In September 1988, a man in a white T-shirt began firing a semi-automatic into the air in an alley behind an LA liquor store. Across the alley, a 42-year-old security guard named Israel Martinez was protecting a canteen truck. Martinez approached the man and asked him to stop shooting. A gun battle ensued and Martinez was mortally wounded in the chest.
One other person—a 23-year-old Cal State student named Edward Vasquez—had also been shot. Despite his admonition that “I didn’t shoot no one; I don’t even own a gun,” Vasquez was arrested as the white-T-shirted killer. After hours of interrogation by the police, Vasquez signed a confession that he killed Martinez in self-defense.
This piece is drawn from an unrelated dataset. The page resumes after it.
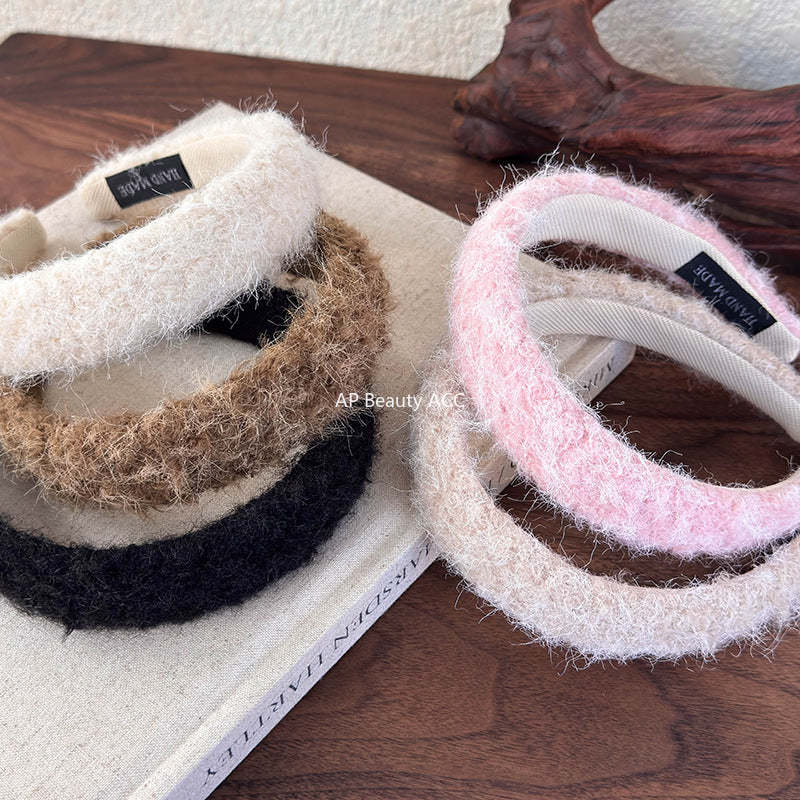 E관 - 가을 겨울 컬러 퍼 양털 머리띠 [26149] 25.12-1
At the trial two years later, Vasquez’s defense attorney, Jay Jaffe, claimed that his client was a bystander, purchasing a burrito at the canteen truck at the time of the shooting. Vasquez insisted that he wasn’t even wearing a white T-shirt, instead wearing a green jacket. The police had, indeed, picked up a green jacket at the crime scene and had kept it as evidence since. Finally, Jaffe claimed Vasquez’s confession was coerced. “He naively thought he would say what they wanted to hear and [would] straighten it all out later,” he said.
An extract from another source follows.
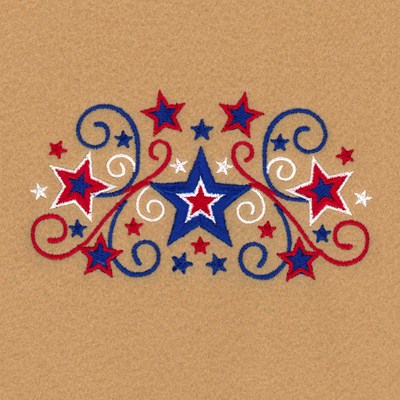 Stars and Swirls Machine Embroidery Design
The prosecution countered by saying that Vasquez couldn’t have been wearing the green jacket. He was shot, after all, and there was no blood on the jacket. The defense pointed out that Vasquez had been shot in the butt and the jacket only reached his waist. To prove the point, Vasquez put on the green jacket in front of the jury.
There were problems with the prosecution’s case. For one, Vasquez’s hands were tested for gunpowder residue just an hour after the shooting and none was found. The jury would later admit there were several “inconsistencies” in the prosecution’s testimony.
Finally, the jury retired to deliberate and Vasquez spent a sleepless night thinking about the jacket. The next morning, he told his attorney that the jacket seemed too heavy when he put it on and he thought he knew why. After Jaffe talked to the judge, the jury was summoned back to the courtroom.
Once the jury was seated, Jaffe held up the jacket. “He didn’t shoot the security guard,” the attorney shouted, “and this proves it.” He then dramatically pulled a foil-wrapped burrito from the right pocket. He gave it to the jury to examine, and they found it to be moldy and two years old.
It was clear that if Vasquez had been wearing the green jacket, he was, indeed, purchasing a burrito at the time of the shooting. Before the burrito revelation, the jury had been split 8 to 4 for acquittal. Afterward, the jury voted unanimously not guilty. “This [prosecution] should never have happened. It’s shameful,” Jaffe said.
The lawyer’s indignation may have been justified. After the burrito was found in the jacket, District Attorney Christine Gosney admitted that she found a photo of a small boy in another pocket of that same jacket. On the back of photograph was inscribed the words “To my cousin Eddie.”
Gosney admitted she destroyed the photograph because she worried it would elicit sympathy for the defendant. Really? Or was it because it might support Vasquez’s contention that the jacket belonged to him? If the existence of the photo had been divulged to the defense as it legally should have been, Jaffe could have brought Vasquez’s cousin into court and had him verify that the picture was of him.
It’s also hard to believe that if Gosney found the photo, she did not also find the burrito. Which means she not only knew Vasquez was telling the truth, she knew he was indeed wearing the jacket instead of the perp’s white T-shirt. And she still proceeded to prosecute the young man.
A month later, Gosney was allowed to resign to avoid dismissal. Martinez’s killer has never been found.